Tips & Tricks for developing tactile skills
What do you recommend to help small hands with grip strength?
There are so many activities we can use to assist children in developing the muscles in their hands and in turn, their grip strength. The most important thing is to encourage your child to have a go at doing things on their own before you jump in and help. Opening jars, turning taps on and off, and doing up their zips and buttons are all good places to start.
Aside from this, any activities that encourage squeezing, such as playing with Blu Tack, putty, or clay are winners. Hiding animals or jewels in Blu Tack adds extra motivation for a child that finds fine motor tasks difficult and may shy away from them. Household items such as pegs, tongs, and tweezers can be fun to play with too, are super easy to set up, and make minimal mess.
Water play also gives lots of fun options, especially in the warmer weather! Kids love doing the things we hate doing, like squeezing or twisting the water out of sponges and cleaning cloths. You could also provide pipettes so that children can draw up small amounts of water and use it to melt ice or do water art. This is even more fun when paired with small plastic animals frozen in the ice where kids can use the water in the pipette to slowly melt the ice and set the animals free. Whilst you are immersed in water play, you could also provide spray bottles as pulling that little trigger can be tricky for small hands.
Other tasks you can do in the home that don’t require any extra materials include helping with cooking (think cookie dough rolling, stirring using a spoon, cutting with a child-safe knife, cracking eggs ).

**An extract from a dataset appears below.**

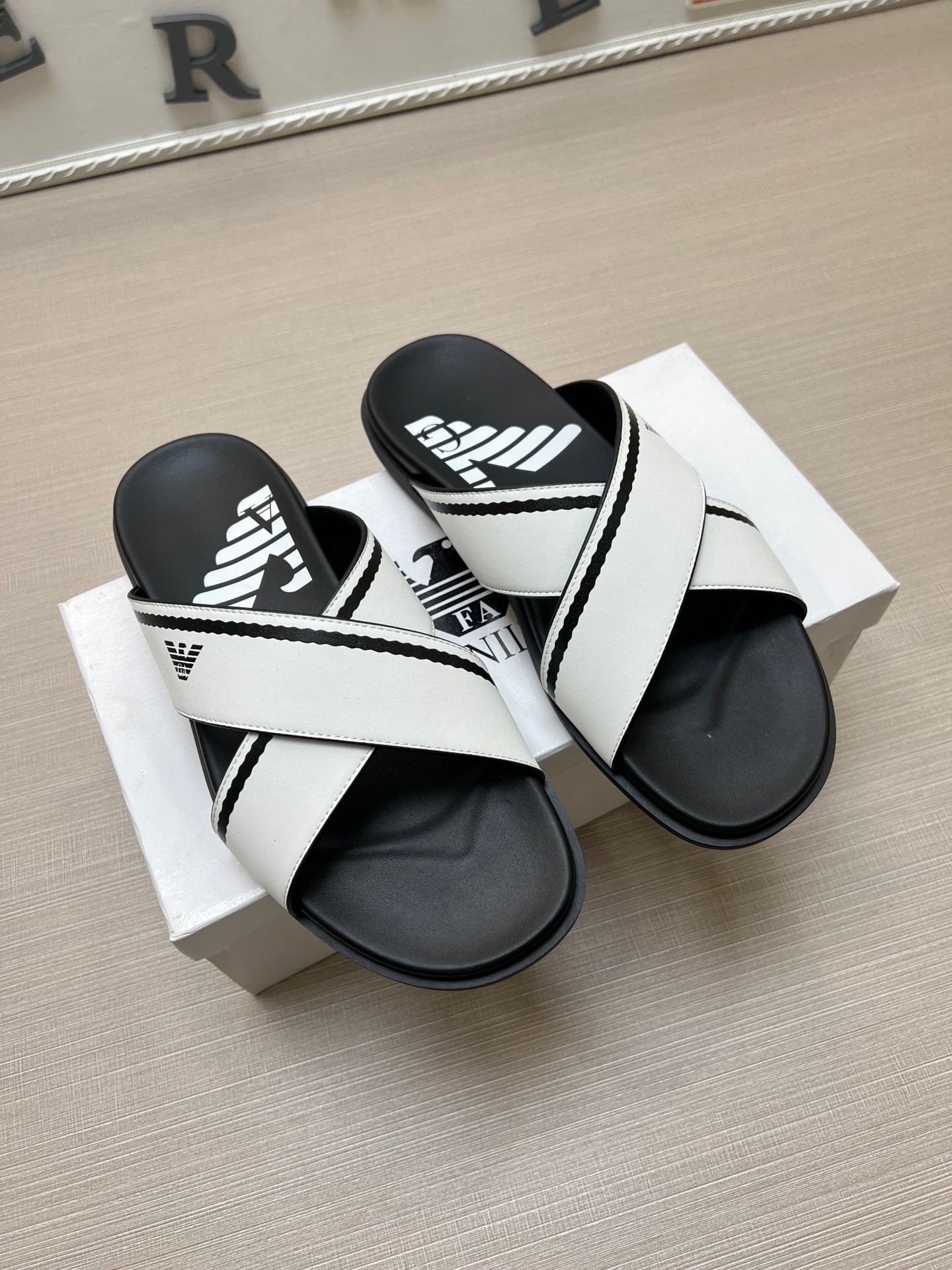 54A103Z Popular slippers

You would probably be surprised at how many opportunities you can give your child during a regular day if you just step back and let them do it themselves (Time and patience permitting!).

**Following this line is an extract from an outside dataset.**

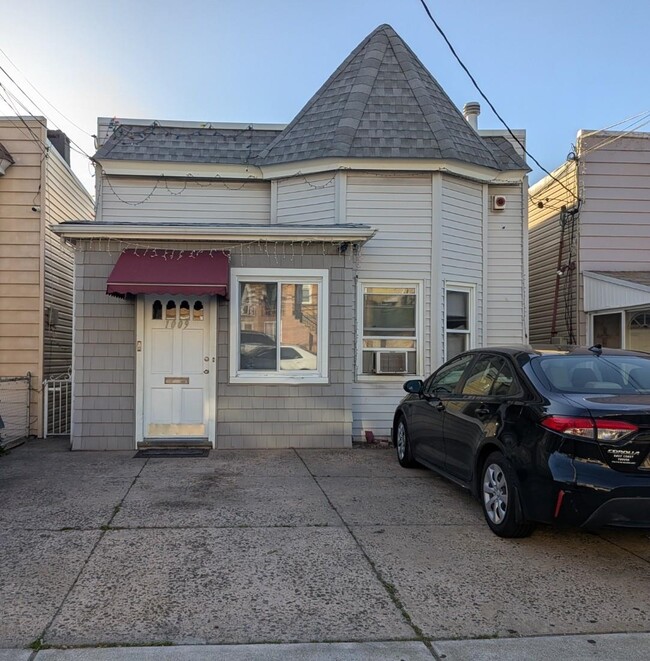 Primary Photo - 1009 Grand Ave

Are there any tasks you use more often to help develop fine motor skills?
I have both incidental and targeted lessons that I use to develop fine motor skills. Providing students with something to play with (all my students have a lump of colourful Blu Tack on their desks!) means they will be incidentally fiddling and therefore also incidentally building up their fine motor skills all day long.
I also provide Kinetic Sand, mindful colouring sheets, and Lego for free play, and I schedule specific fine motor skill lessons into my day. Children need to be explicitly taught how to cut with scissors and use glue sticks so they get just the right amount of glue in the exact perfect places. I schedule engaging and meaningful cutting and pasting craft activities to help develop these skills.
Recently my class had a try of the Bostik new triangular glue sticks. It was amazing how much easier it was to get right into those corners of the page! It was an added bonus that they didn’t roll off the table and sparked a conversation about “triangular prisms” as the class tried to work out what shape they were. They were definitely a hit.
Before children can write words to communicate they need to be able to do all the above things - so now when your child brings another cut and paste home, you’ll know why!